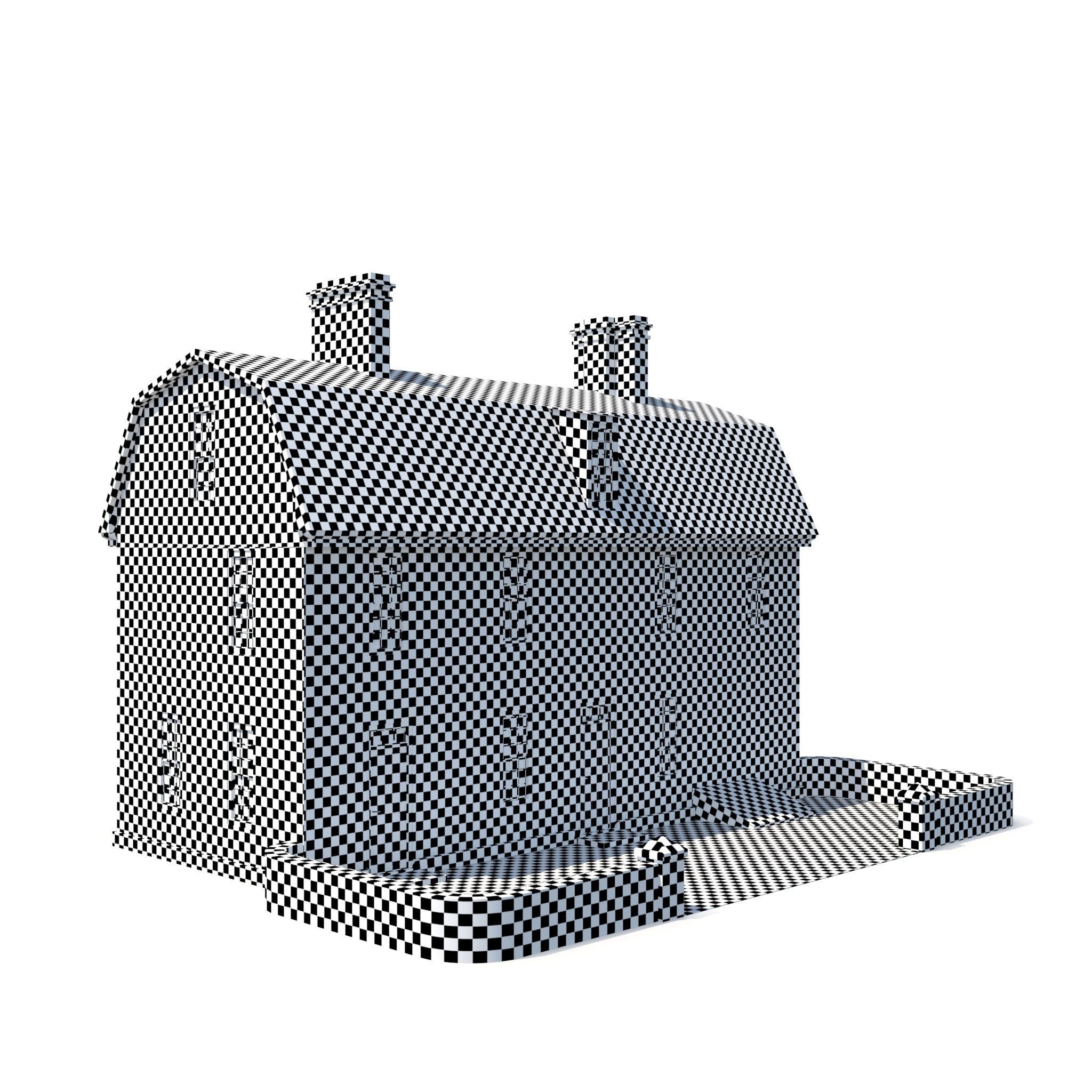 Stone cottage Low-poly 3D model_6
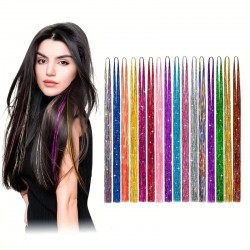 Блестящи кичури коса Комплект 6 различни цвята-foto5
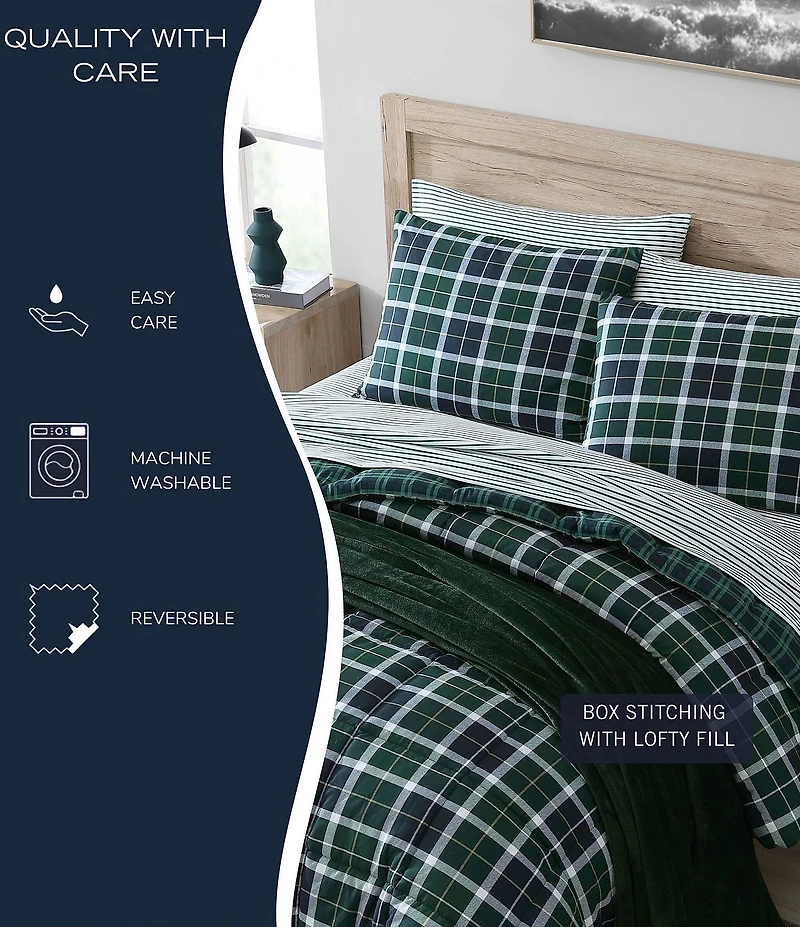 Nautica North Sail Plaid Brushed Microfiber Reversible Mini Comforter Set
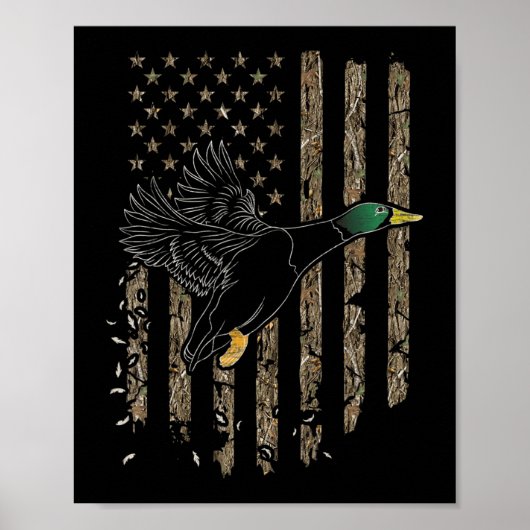 Duck Hunter American Flag Waterfowl Hunting Camouf Poster (Voorkant)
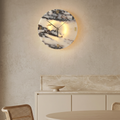 Natural Marble Wall Clock Light-Lighting > Wall Lights-casanuva-casanuva
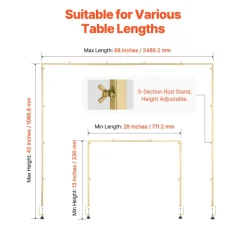 VEVOR Over The Table Rod Stand with Clamps, 13"-42" Tall & 28"-98" Length Adjustable, Metal Table Arch Stand with Rattan, Tabletop Balloon Arch Frame for Wedding Birthday Christmas Decorations, Gold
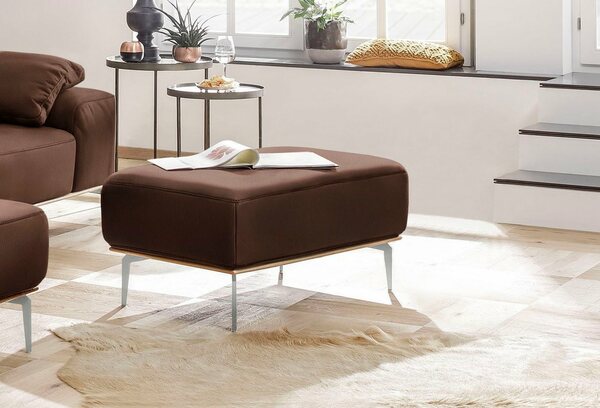 Bild 1 von W.SCHILLIG Polsterhocker run, mit elegantem Holzsockel, Füße in Chrom glänzend, Breite 75 cm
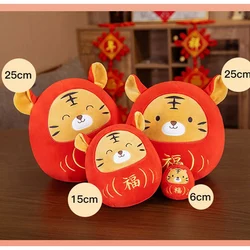 Bonito tigre vermelho em forma de bebê tradicional zodíaco cama nap decoração boneca brinquedo elementos de ano novo brinquedo grau alimentício brinquedos
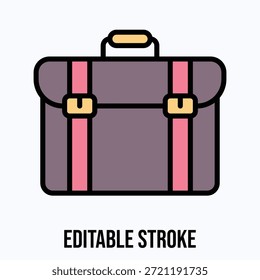Bolsa de maletín de negocios Vector aislado Icono de estilo de color lineal Trazo editable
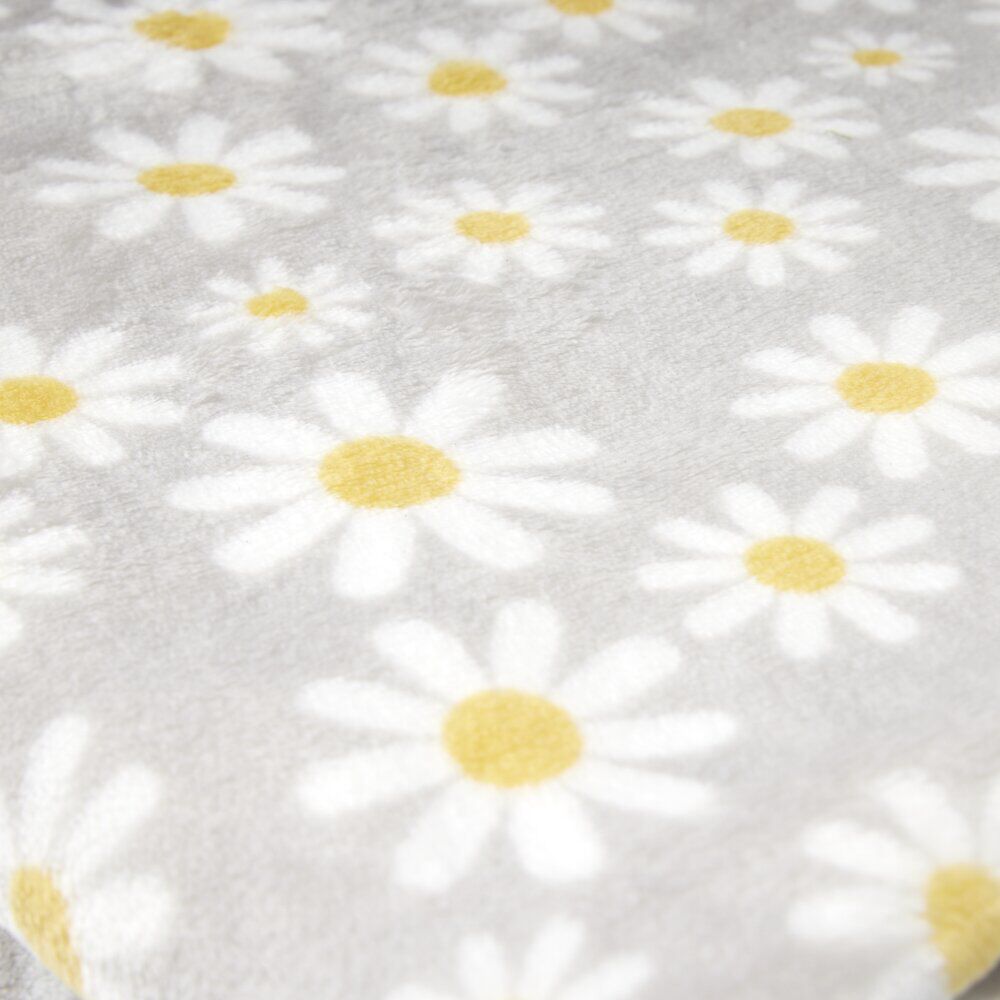 Plaid polaire gris doux motif marguerites 130x160cm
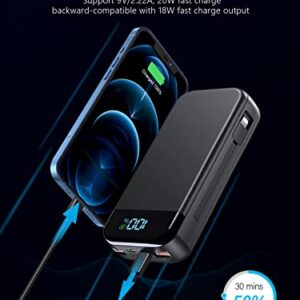 BLJIB Portable Charger 32000mAh, 22.5W QC 3.0 PD 20W Smart LED Display Fast Charging Built in Cables Power Bank, External Battery Pack Charge 5 Devices Compatible with Cellphones (Black)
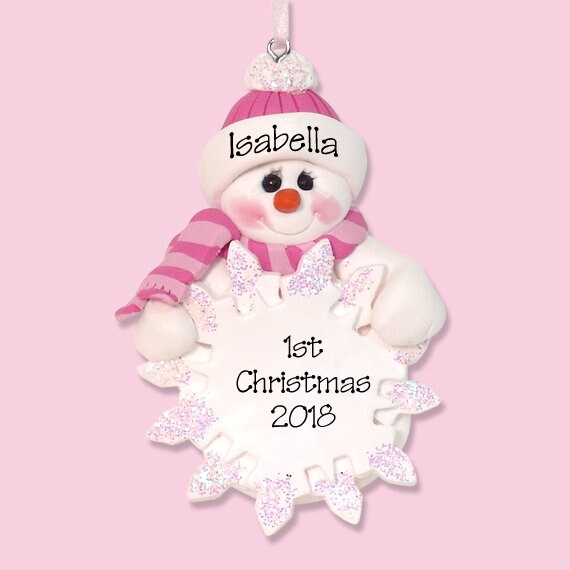 Babys 1st Christmas, Baby Snowman Personalized Ornament, HANDMADE POLYMER CLAY, Personalized Christmas Ornament, Custom Ornaments, Baby Girl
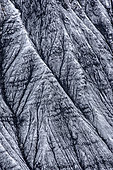 Snowy black earth (Marl), Ubaye valley, Alpes de Haute Provence, France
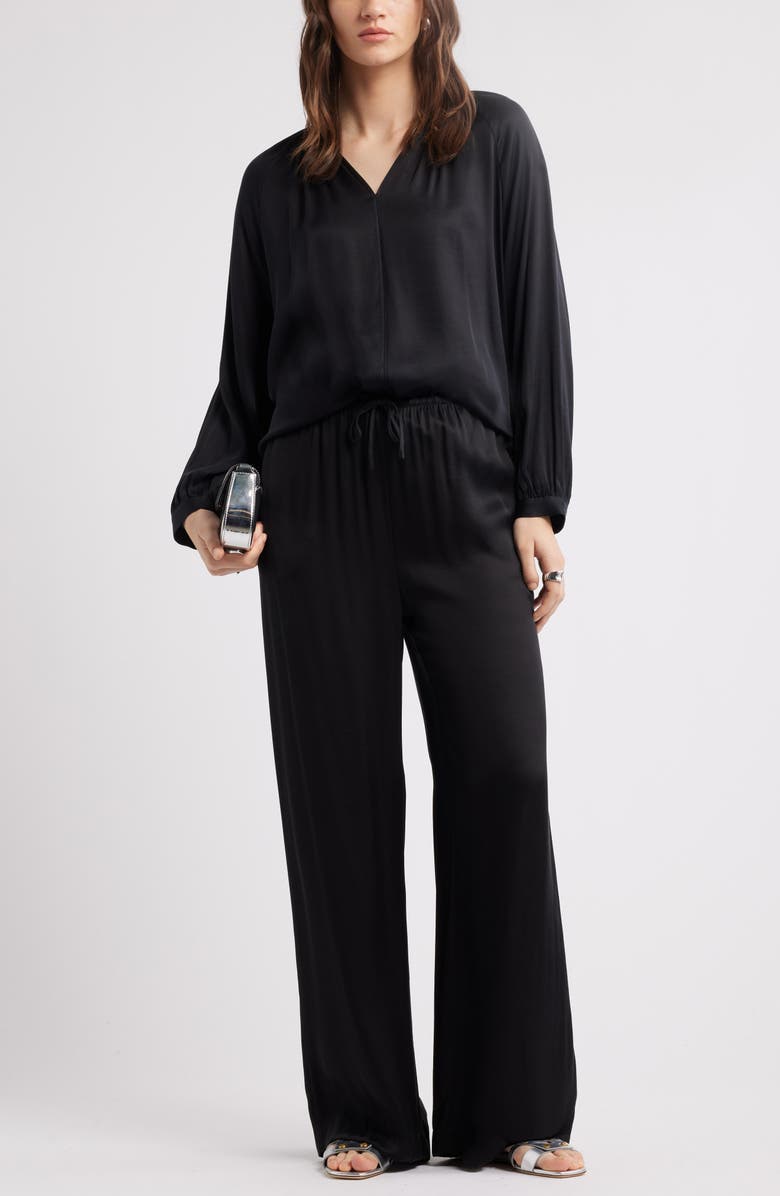 Nordstrom Shirred Satin Shirt, Alternate, color, 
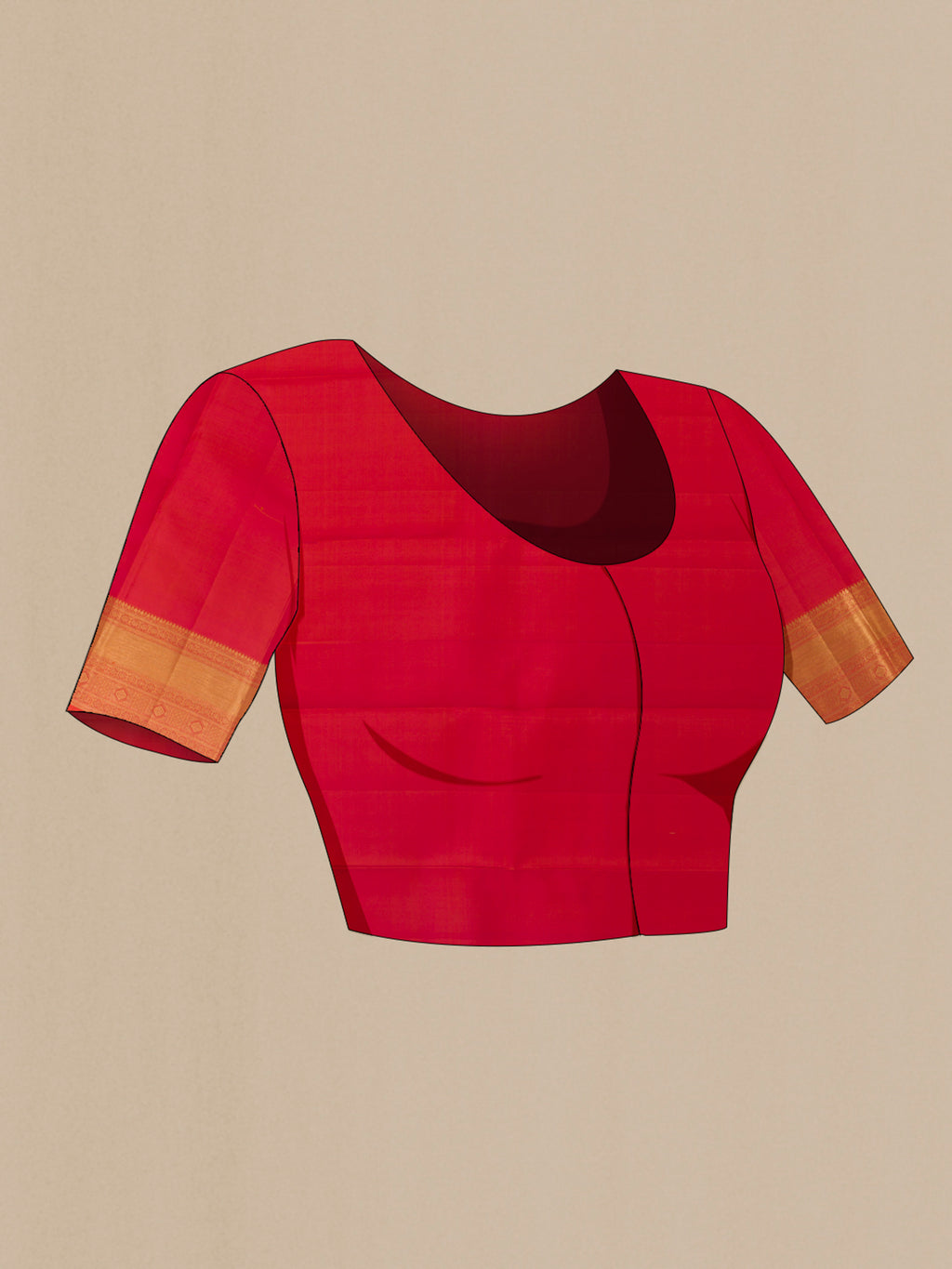 Close up image of the blouse of Pure Silk Red Kanjivaram Saree with Zari Butta on the body and Zari Border.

__________

__ACTIVITY__. Output the records exactly as they appear, skipping any pictures.

__THE ANSWER__.
 Stone cottage Low-poly 3D model_6
 Блестящи кичури коса Комплект 6 различни цвята-foto5
 Nautica North Sail Plaid Brushed Microfiber Reversible Mini Comforter Set
 Duck Hunter American Flag Waterfowl Hunting Camouf Poster (Voorkant)
 Natural Marble Wall Clock Light-Lighting > Wall Lights-casanuva-casanuva
 VEVOR Over The Table Rod Stand with Clamps, 13"-42" Tall & 28"-98" Length Adjustable, Metal Table Arch Stand with Rattan, Tabletop Balloon Arch Frame for Wedding Birthday Christmas Decorations, Gold
 Bild 1 von W.SCHILLIG Polsterhocker run, mit elegantem Holzsockel, Füße in Chrom glänzend, Breite 75 cm
 Bonito tigre vermelho em forma de bebê tradicional zodíaco cama nap decoração boneca brinquedo elementos de ano novo brinquedo grau alimentício brinquedos
Bolsa de maletín de negocios Vector aislado Icono de estilo de color lineal Trazo editable
 Plaid polaire gris doux motif marguerites 130x160cm
 BLJIB Portable Charger 32000mAh, 22.5W QC 3.0 PD 20W Smart LED Display Fast Charging Built in Cables Power Bank, External Battery Pack Charge 5 Devices Compatible with Cellphones (Black)
 Babys 1st Christmas, Baby Snowman Personalized Ornament, HANDMADE POLYMER CLAY, Personalized Christmas Ornament, Custom Ornaments, Baby Girl
 Snowy black earth (Marl), Ubaye valley, Alpes de Haute Provence, France
 Nordstrom Shirred Satin Shirt, Alternate, color, 
 Close up image of the blouse of Pure Silk Red Kanjivaram Saree with Zari Butta on the body and Zari Border.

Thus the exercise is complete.